In the past few years there has been increased recognition that incorporating uncertainty into static and dynamic reservoir modeling yields better business decisions often in less time than classic “deterministic” approaches. Routine use of design of experiments (DoE) based approaches to incorporate and analyze the impact of volumetric and connectivity uncertainty is becoming widespread. The industry appears to be moving away from an “in data alone we trust” paradigm to an “in data and uncertainty we trust” paradigm for model building.

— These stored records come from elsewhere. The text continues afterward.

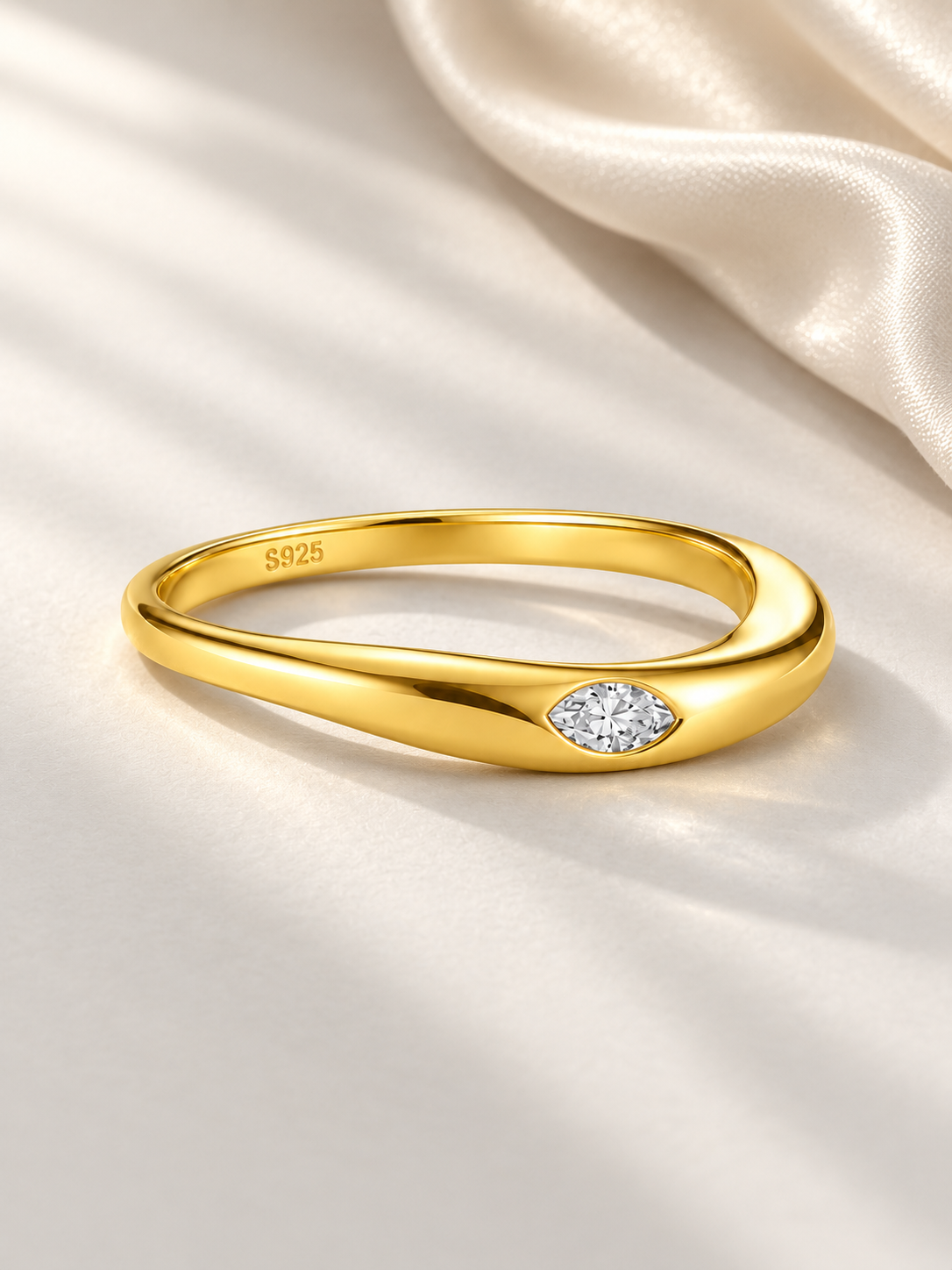 Inel Sleek Marquise cu Design Minimalist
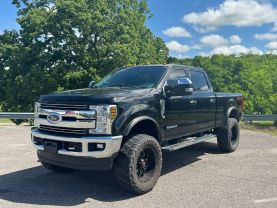 2018 FORD F350 SUPER DUTY CREW CAB PICKUP V8, TURBO DIESEL, 6.7L LARIAT PICKUP 4D 6 3/4 FT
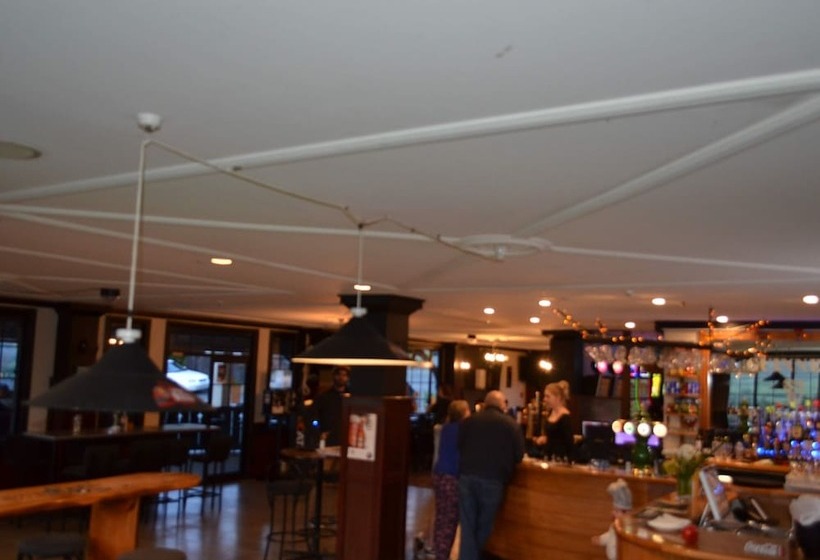 فندق Salty Dog Inn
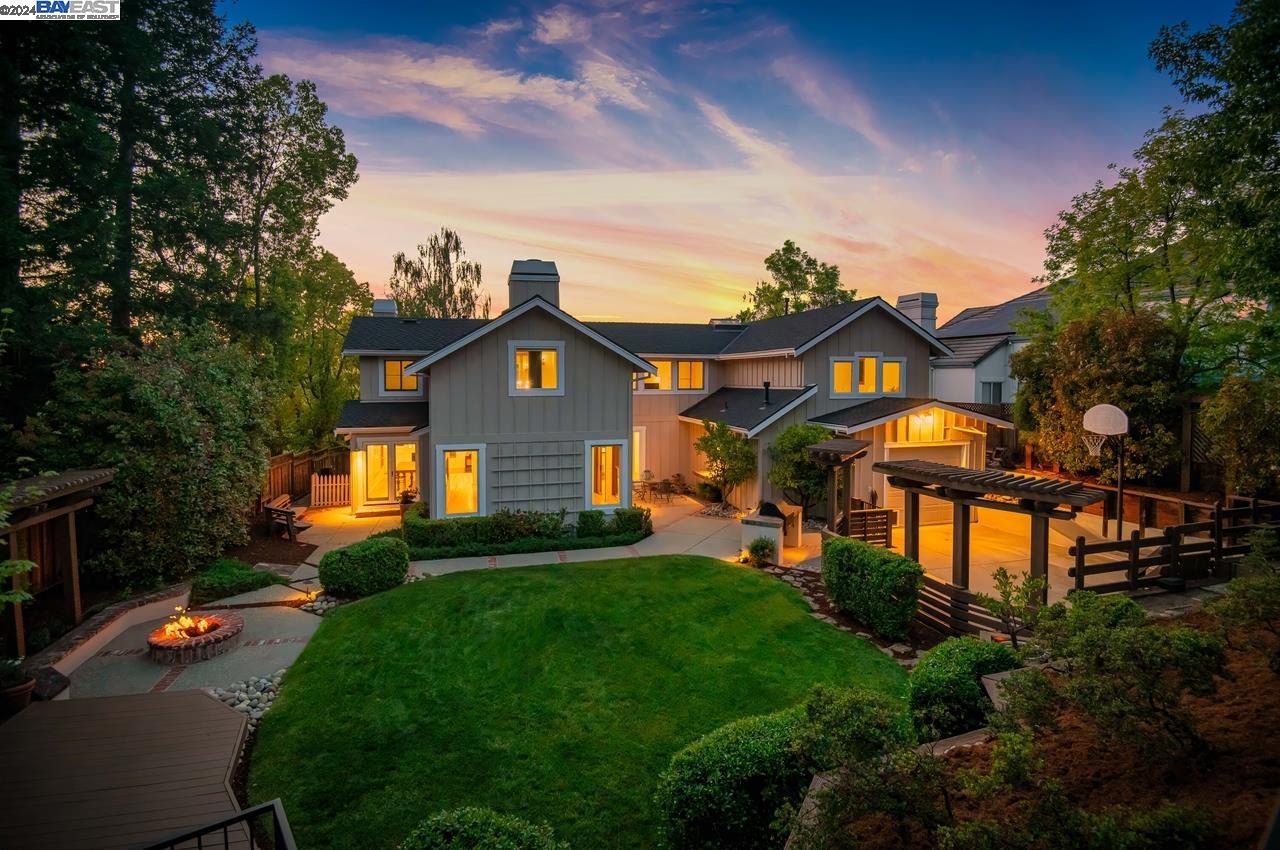 886 Montevino Dr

Successful application of DoE-based approaches requires a robust assessment of uncertainty. Such assessments include the not only a list of the factors that contribute to the volumetric and connectivity uncertainty, but also an asset specific set of appropriate low-case and high-case values, and usually a “mid-case” value as well, for each of the uncertainty factors. This is not a trivial task as uncertainty exists in what is known and what is unknown. We can describe to a greater or lesser extent the uncertainty associated with what we know such as the measurement or interpretation uncertainty associated with well log and core data or with historical production data. We can make assumptions about the uncertainty associated with what we don’t know by using secondary data or defining constraints based on analog information. The assignment of the low-case and high-case values thus combines both science and art (also known as geological “experience”). The results of an on-going, historical “look-back” study using data from the Humma Marrat reservoir in the Partitioned Neutral Zone (PNZ) between Saudi Arabia and Kuwait has provided significant insight into the magnitude of OOIP uncertainty as well as the relative contributions to the OOIP uncertainty from the various uncertainty factors as a function of time, quantity/quality of data, and modeling or interpretation workflows.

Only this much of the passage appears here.